Hi Ari.
KV58 is Cortex M7 based – i.e. has Harvard architecture buses:
-CODE bus (optimized for access to instruction - instruction fetch), through which access to the flash (instruction - cache), also to the I-TCM (something like RAM)
- System Bus (optimized for data access - Data Access), through which access to the D0-TCM, D1-TCM, peripherals etc.
Both buses are cached, i.e. both buses have access to data of slower memories (everything except TCM memory) which are cacheable. Data are stored in the cache only in certain circumstances.
Depends on the occurrence, repeatability access to this data, it is possible to locked content on some cache memories, i.e. to-cached specific code/data and the region cache consequently locked.
It looks that your code on which monitors the performance does not perform from cache but flash memory (i.e. if there are some branch instructions – wait states)
The code is executed from flash memory because is performed only once (it could be cached during its performing – in fact that it is in cache until it was erased by some other event) but due to to the fact that it was executed only once, it is acted as if it is done only from flash).
I consulted your issue with the Application team and for optimum use of core M7 performance we suggest to you store critical code into the I-TCM memory (this is a quick memory intended exclusively for the code – Instruction Tightly-Coupled-Memory) and static data to the D0-TCM and dynamic (stack) to the D1-TCM. Thus, the maximum power is achieved, i.e.
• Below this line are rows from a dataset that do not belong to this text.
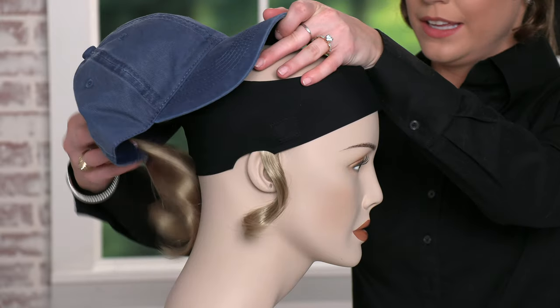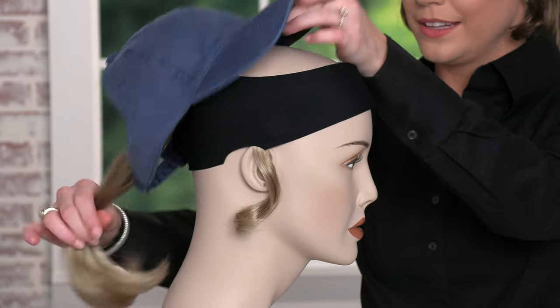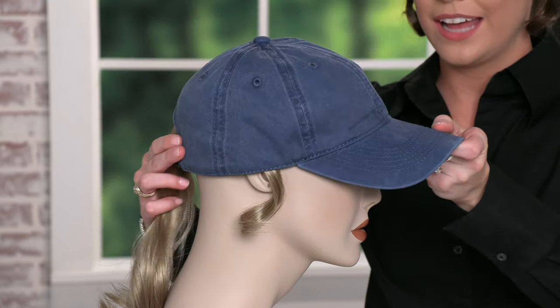To put it on, you'll simply grab the ponytail and slip it through the back of the hat, and then just slide the hat on.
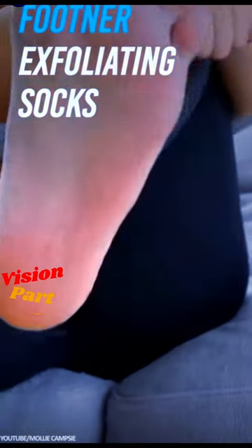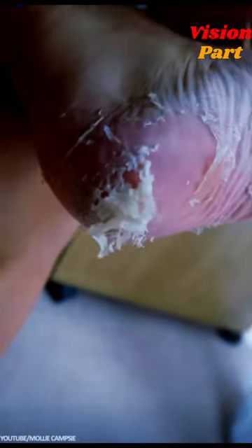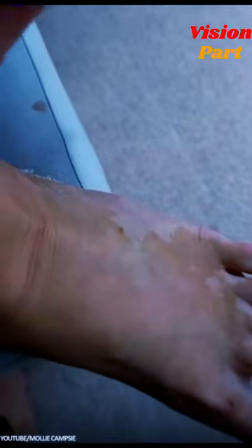Footner Exfoliating Socks. For those into foot beauty, get your feet thoroughly scrubbed of all their nasties and baby soft simply by donning these socks for an hour or so daily and waiting for the nastier bits of skin to flake off. Ideal for those with nasty cases of leathery heels or uncomfortable patches of skin. Reviews suggest it works a treat.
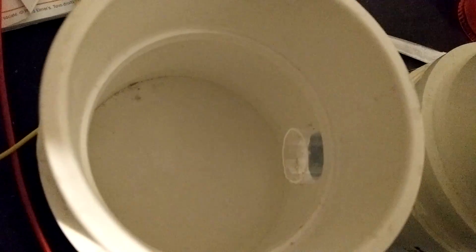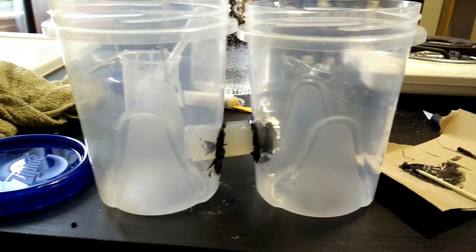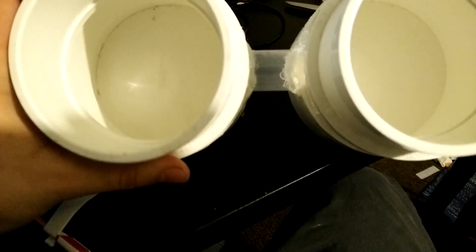I used some scrap acrylic I had lying around, but if you don't have any be creative since anything watertight and not metal will work. I secured mine together with JB Weld. You could try hot glue but it's a nightmare to get it to stay sealed.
CODE bus accesses (fetch) to instructions which are stored in I-TCM and also SYSTEM bus can access to data which are stored in D0-TCM or D1-TCM.
In case that the code is stored in Flash memory, is needed to enable I-CACHE and consequently is required repeatability of the code, i.e. to perform more then 1 time. It could be also possible by the way that the code is performed by force – i.e. just the code cached) and then the cache is locked and other code performing does not have to access to the flash, but it is performed directly from a cache memory.
Also, it is often used data from peripherals directly in the calculation is needed to enable also D-CACHE (it could be also useless in some cases – for example that data are used from ADC is often necessary anyway update).
In case of any issue, please let me know.
Best regards,
Iva